Sunday, September 20, 2015

Being Christian or Doing Christianity September 20, 2015 RUMC

There is something about me that you don’t know.
I am a physicist. Well, I took physics in high school. I can recite a few things like the First Law of Thermodynamics and Einstein’s equation. I even enjoyed a physics book in the last several years on Chaos Theory. Therefore, I must be a physicist.
There is something else you don’t know about me. I am a physician. Well, I’ve been to the doctor’s office, read those pamphlets about prescription drug side effects, and I even assembled a “visible man” (you know one of those see through plastic models) when I was a kid. That ought to make me a physician, right?
By that same logic, watching the movie Apolo13 makes me an astronaut, visiting the Brickyard museum makes me an Indy car driver, and picking a tomato makes me a farmer, right?
Of course not. So why do people think they can read a few verses of the Bible, show up to church when they don’t have anything better to do (if at all), call upon God only when they get in trouble, and call themselves Christian? Being baptized, going through confirmation, or having you name on the old black membership book makes you a member of the church, but being a Christian is a whole different matter. You see Christianity is not merely a belief system… it is a way of living.

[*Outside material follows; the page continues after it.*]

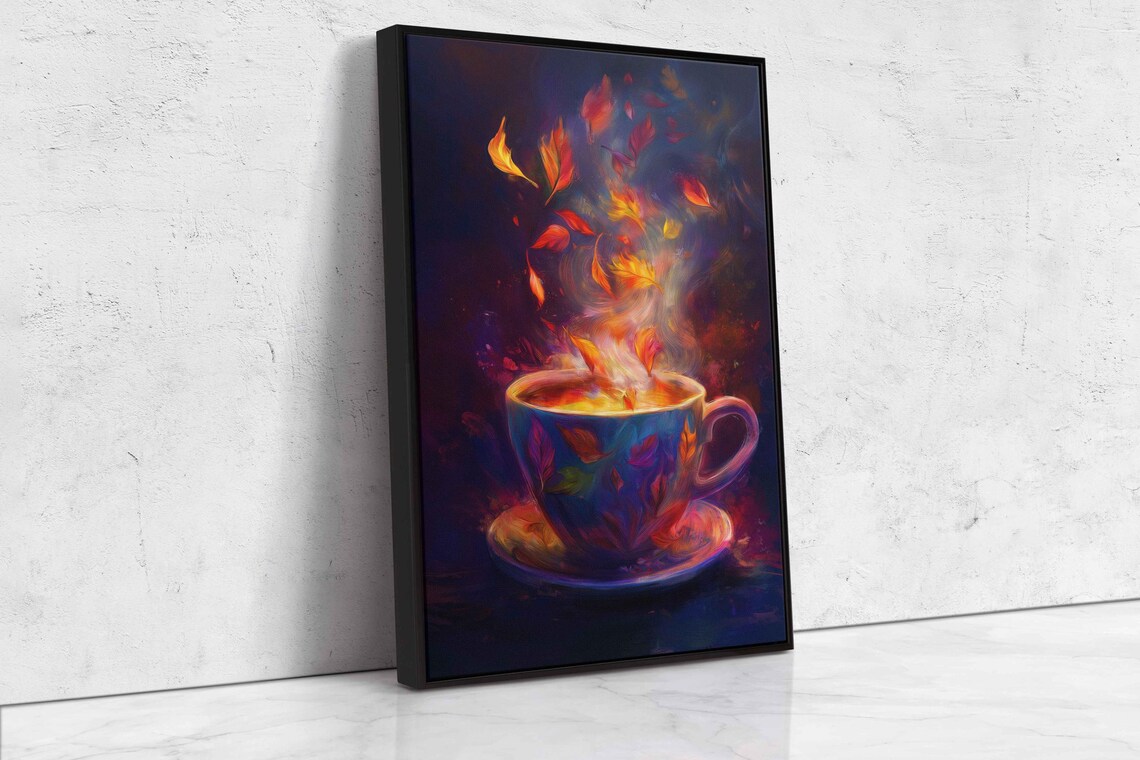 Magical Steaming Cup With Autumn Leaves Rising As Steam Dark Surreal Painting Poster - Image 4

I read about a man in New York City who died at the age of 63 without ever having had a job. He spent his entire adult life in college. During those years he acquired so many academic degrees that they “looked like alphabet soup” behind his name. 

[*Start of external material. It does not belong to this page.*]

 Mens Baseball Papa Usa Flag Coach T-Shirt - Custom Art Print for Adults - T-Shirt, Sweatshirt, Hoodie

Why did this man spend his entire life in college? When he was a child, a wealthy relative died who had named him as a beneficiary in his will. It stated that he was to be given enough money to support him every year as long as he stayed in school. And it was to be discontinued when he had completed his education. 
The man met the terms of the will, but by remaining in school indefinitely, he turned a technicality into a steady income for life. But he never got around to doing anything with his gift.
Similarly, there are many, many people who spend years sitting in pews, attending Bible studies, even reading their Bibles, and they are technically Christian. But they never get around to taking their faith out of the pew, the classroom, or off the page. They may know everything there is to know about being Christian; they have the belief system down pat. But they never get around to living it.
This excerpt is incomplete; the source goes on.